[Stored items from a collection]

■ ■ ■ ■

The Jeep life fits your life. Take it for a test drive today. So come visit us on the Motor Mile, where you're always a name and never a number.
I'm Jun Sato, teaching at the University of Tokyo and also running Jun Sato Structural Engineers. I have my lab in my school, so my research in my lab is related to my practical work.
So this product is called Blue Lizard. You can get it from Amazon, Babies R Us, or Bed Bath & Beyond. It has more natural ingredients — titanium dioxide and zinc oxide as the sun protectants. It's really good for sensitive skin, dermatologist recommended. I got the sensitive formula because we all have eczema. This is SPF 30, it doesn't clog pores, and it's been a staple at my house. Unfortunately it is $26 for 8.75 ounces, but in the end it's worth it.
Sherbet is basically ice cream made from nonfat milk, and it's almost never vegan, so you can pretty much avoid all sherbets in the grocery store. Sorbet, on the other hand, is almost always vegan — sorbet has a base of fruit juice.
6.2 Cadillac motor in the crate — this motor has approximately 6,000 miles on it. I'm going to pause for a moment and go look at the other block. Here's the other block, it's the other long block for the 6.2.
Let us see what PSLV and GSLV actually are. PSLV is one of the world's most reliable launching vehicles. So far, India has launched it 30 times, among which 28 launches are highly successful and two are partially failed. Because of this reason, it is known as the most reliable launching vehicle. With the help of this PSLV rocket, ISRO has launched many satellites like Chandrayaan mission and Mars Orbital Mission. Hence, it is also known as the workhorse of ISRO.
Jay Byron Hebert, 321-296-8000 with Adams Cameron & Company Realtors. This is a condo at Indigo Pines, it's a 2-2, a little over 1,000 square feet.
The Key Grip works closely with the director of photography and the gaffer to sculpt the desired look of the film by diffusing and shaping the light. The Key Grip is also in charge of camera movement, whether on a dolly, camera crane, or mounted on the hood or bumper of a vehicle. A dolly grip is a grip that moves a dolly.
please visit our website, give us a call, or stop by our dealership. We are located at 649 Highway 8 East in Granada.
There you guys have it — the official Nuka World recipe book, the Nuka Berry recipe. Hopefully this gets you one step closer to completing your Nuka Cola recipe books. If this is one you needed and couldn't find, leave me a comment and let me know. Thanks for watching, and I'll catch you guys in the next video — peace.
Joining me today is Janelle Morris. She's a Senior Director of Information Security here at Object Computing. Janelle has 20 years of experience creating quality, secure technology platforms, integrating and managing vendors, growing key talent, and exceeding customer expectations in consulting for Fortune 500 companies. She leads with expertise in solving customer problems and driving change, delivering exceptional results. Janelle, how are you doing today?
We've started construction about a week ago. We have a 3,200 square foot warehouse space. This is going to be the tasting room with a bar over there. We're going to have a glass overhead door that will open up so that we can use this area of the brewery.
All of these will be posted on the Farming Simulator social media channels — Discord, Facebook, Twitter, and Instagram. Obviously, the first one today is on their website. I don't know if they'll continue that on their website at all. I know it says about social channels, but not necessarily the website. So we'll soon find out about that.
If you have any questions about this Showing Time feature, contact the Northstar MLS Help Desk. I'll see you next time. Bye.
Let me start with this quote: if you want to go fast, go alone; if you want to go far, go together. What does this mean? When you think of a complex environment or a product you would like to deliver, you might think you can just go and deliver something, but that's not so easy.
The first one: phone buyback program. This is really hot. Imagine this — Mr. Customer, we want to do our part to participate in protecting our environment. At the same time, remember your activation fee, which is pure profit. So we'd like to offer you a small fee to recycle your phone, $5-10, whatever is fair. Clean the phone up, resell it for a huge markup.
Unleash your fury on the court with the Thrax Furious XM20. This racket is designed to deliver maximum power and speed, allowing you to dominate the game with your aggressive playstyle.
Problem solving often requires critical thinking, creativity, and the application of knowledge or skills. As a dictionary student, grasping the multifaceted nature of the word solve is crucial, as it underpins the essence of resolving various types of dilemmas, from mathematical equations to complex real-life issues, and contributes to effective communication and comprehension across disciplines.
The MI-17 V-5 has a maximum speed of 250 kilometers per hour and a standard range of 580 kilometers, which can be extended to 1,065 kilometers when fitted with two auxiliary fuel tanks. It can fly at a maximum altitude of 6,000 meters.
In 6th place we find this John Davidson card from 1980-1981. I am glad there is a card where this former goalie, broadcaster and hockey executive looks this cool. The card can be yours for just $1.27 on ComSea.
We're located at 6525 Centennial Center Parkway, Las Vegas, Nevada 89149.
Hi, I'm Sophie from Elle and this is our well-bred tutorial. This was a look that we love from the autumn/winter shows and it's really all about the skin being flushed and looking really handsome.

■ ■ ■ ■

# [Work to complete]
Give the number of lines in the entries that include the string "visit", and nothing else.

# [Solved problem]
2